##### INPUT

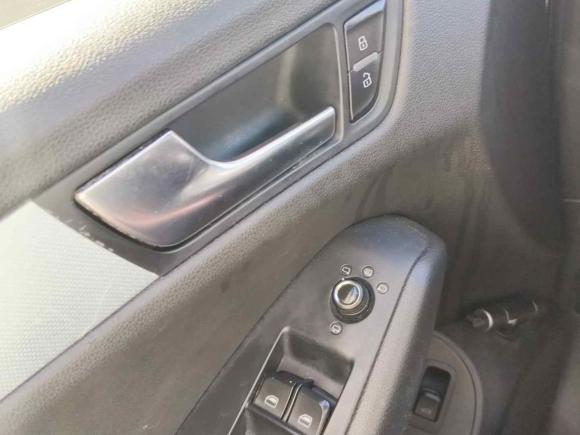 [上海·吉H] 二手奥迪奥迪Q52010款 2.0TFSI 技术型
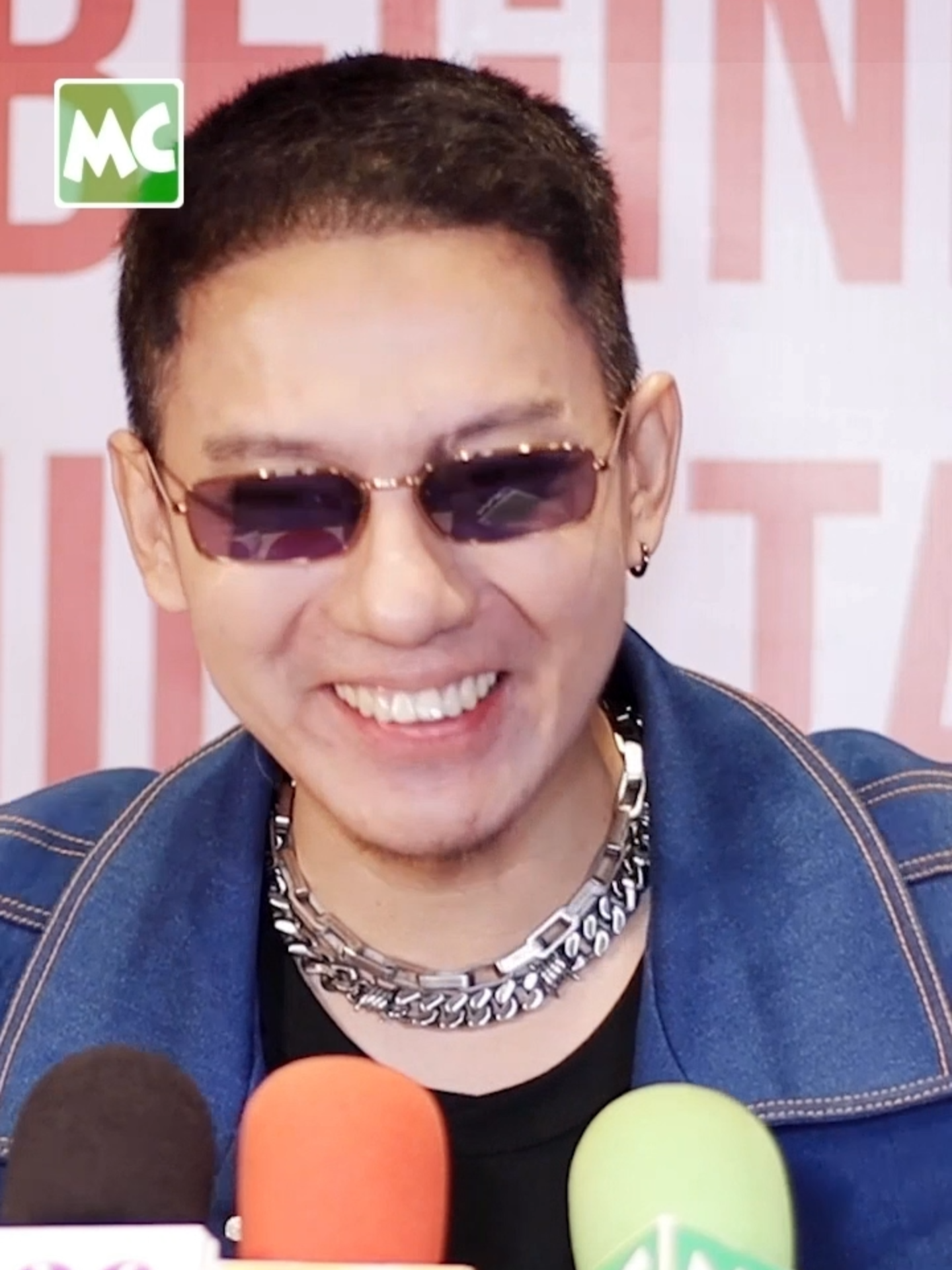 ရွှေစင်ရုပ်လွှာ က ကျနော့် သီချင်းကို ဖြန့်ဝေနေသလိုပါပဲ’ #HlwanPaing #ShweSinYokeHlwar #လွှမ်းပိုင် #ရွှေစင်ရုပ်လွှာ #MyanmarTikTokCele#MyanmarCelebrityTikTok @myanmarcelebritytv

##########
##### INPUT

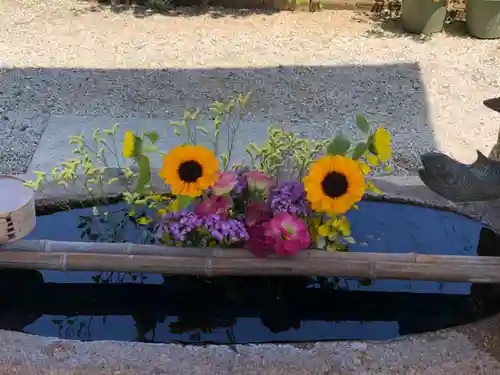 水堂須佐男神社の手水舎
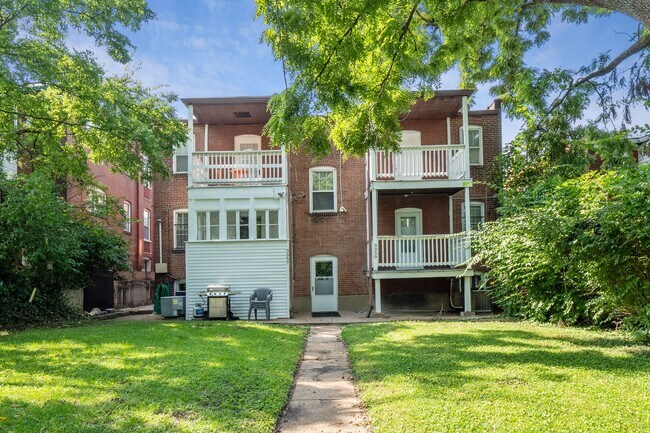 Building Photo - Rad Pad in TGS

##########

(ASSIGNMENT): The lines to reproduce run from the one above containing "[上海·吉H] 二手奥迪奥迪Q52010款 2.0TFSI 技术型" through the one containing "ရွှေစင်ရုပ်လွှာ က ကျနော့်". Copy them exactly and leave out all pictures.

(WORKED SOLUTION):
 [上海·吉H] 二手奥迪奥迪Q52010款 2.0TFSI 技术型
 ရွှေစင်ရုပ်လွှာ က ကျနော့် သီချင်းကို ဖြန့်ဝေနေသလိုပါပဲ’ #HlwanPaing #ShweSinYokeHlwar #လွှမ်းပိုင် #ရွှေစင်ရုပ်လွှာ #MyanmarTikTokCele#MyanmarCelebrityTikTok @myanmarcelebritytv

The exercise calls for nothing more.